## Work to be completed
Omit the pictures and retype only the lines from the one containing "Hampton Inn Bellevue - image 14" through the end of the listing, both ends included.

(Beginning of Data segment)

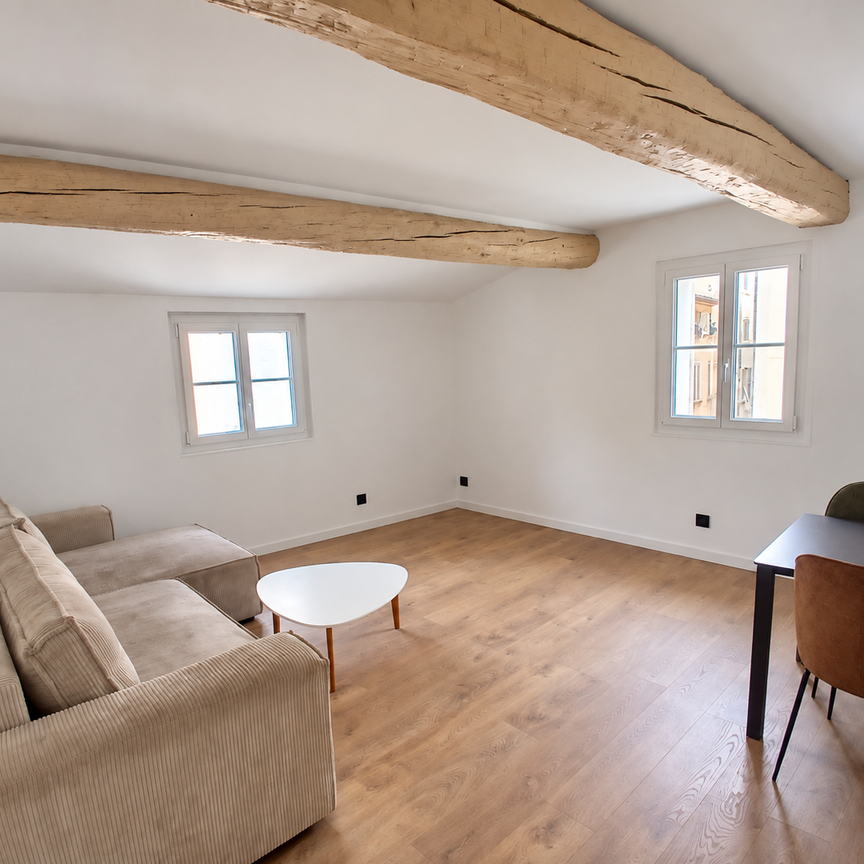 Location Appartement 2 pièces 52m² TOULON 83000 - Photo 1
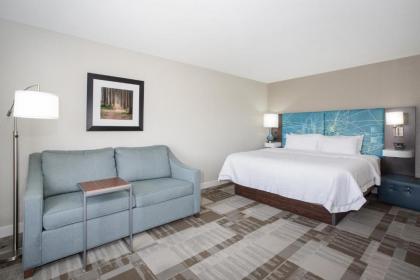 Hampton Inn Bellevue - image 14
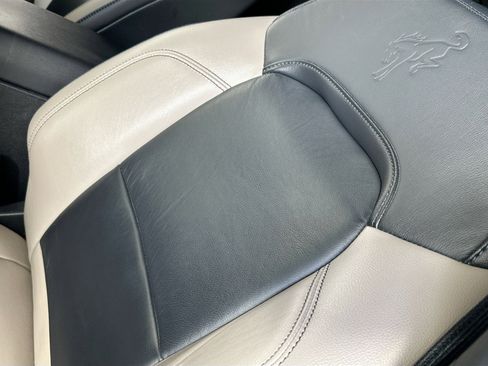 Used 2022 Ford Bronco Wildtrak image 19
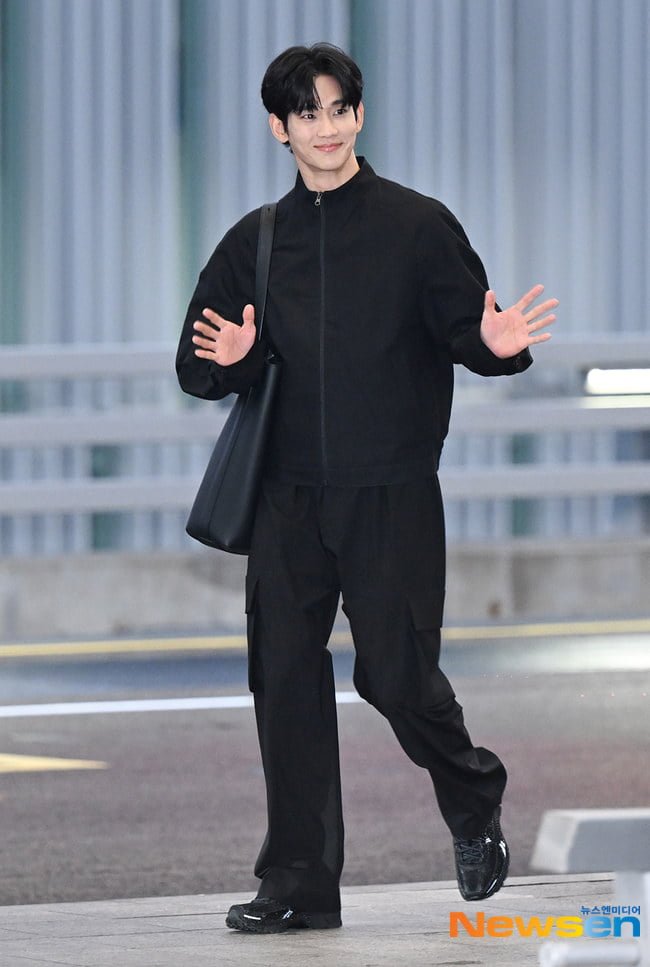 김수현 오늘 출국 사진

(End of Data segment)

## Response below
 Hampton Inn Bellevue - image 14
 Used 2022 Ford Bronco Wildtrak image 19
 김수현 오늘 출국 사진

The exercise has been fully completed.